Most of the anti-humans seem to think that ‘non-traditional sexual relations’ are something you choose when you’re in your teens, if you’re exposed to propaganda. Though when I asked one anti-human when he/she chose to be heterosexual, he/she replied that no choice was ever necessary as no one ever spoke of the PICTALWTTOP in Soviet times, and no PICTALWTTOP were ever seen anywhere. The fact that being one of the PICTALWTTOP was an actual criminal offence before 1993 was apparently not worth taking into consideration. Listening to the anti-humans run off their fascist diatribes often turned my stomach. There is such an air of hostility to those who don’t conform to ‘the ideal’, that it would come as no surprise to me if the Russian government announced some sort of removal, or ‘cleansing’ programme tomorrow.
In Russia, men must be men. They must buy Swiss army knives (which are sold nearly everywhere), they must have a swagger, wear beanie hats, look as if they have big muscles, go fishing, climb mountains; be ‘men’, or ‘men’s men’ without literally being a man’s man.

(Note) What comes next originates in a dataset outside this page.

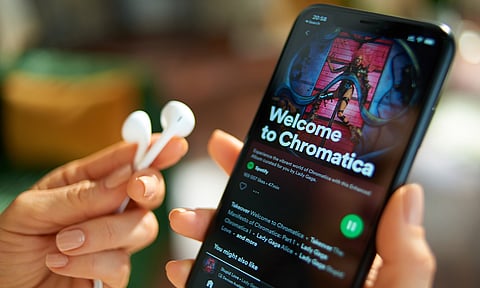 ¿Ya conoces esta app de música gratuita y sin anuncios?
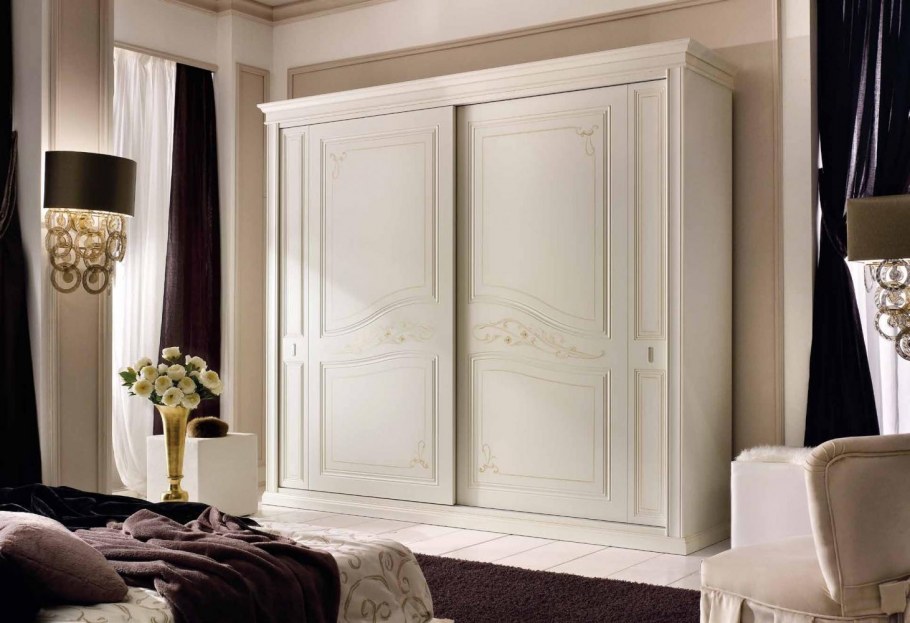 Шкаф Неоклассика 190х60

Women on the other hand must look attractive, climb mountains, but climb to a lesser height, wear dresses, keep their figures, and be mothers. There is little or no room for people outside these expectations.

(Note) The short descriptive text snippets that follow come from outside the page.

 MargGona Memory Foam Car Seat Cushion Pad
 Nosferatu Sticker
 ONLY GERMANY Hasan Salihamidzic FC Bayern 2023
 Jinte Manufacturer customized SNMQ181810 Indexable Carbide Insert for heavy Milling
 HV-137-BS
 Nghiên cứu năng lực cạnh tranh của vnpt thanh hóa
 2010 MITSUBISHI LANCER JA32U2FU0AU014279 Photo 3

The second thing that negatively affected the magic of living in Krasnoyarsk was the transferral of Pussy Riot member Nadezhda Tolokonnikova from the prison in Mordovia to a prison hospital in Krasnoyarsk. I knew the prison, because I had walked past it on my way to rugby matches. At first I was angry about the transferral, but for all the wrong reasons. Now people would be able to say ‘Pussy Riot sent to Siberia’, which of course would reinforce the old negative stereotype. And with her detention being in my home city, Krasnoyarsk would therefore only become known in the Western world as ‘that place where Pussy Riot were sent to’. I didn’t want that, because Krasnoyarsk is so much more than the detention centre. Before this, the Pussy Riot saga had been something far away, outside of Siberia, and therefore something outside of my life. I was able to comfortably distance myself from it, as Siberians are able to feel a distance from Moscow. But then it landed on my doorstep, and what it revealed was that I had less concern about the life of a person, sentenced to two years in prison for singing a protest song, and more concern for the reputation of a city. I had to check myself, because my love for Krasnoyarsk had blinded me to the suffering of others. Although I wasn’t actually an anti-human, I couldn’t say I was a humanitarian either. It became obvious from then on that Krasnoyarsk and I had become inextricably linked, that I was also undeniably complicit in the detention of a young woman from Moscow. It was a bitter pill to swallow. Thankfully both members of Pussy Riot were released from prison in late December under a new amnesty bill, along with Mikhail Khodorkovsky, the famous oligarch dissident who had been imprisoned back in 2003. Though the amnesty bill was widely seen as a political stunt to make Russia appear more human friendly before the opening of the 2014 Winter Olympics in Sochi, I was still glad of the fact. This time for the right reasons.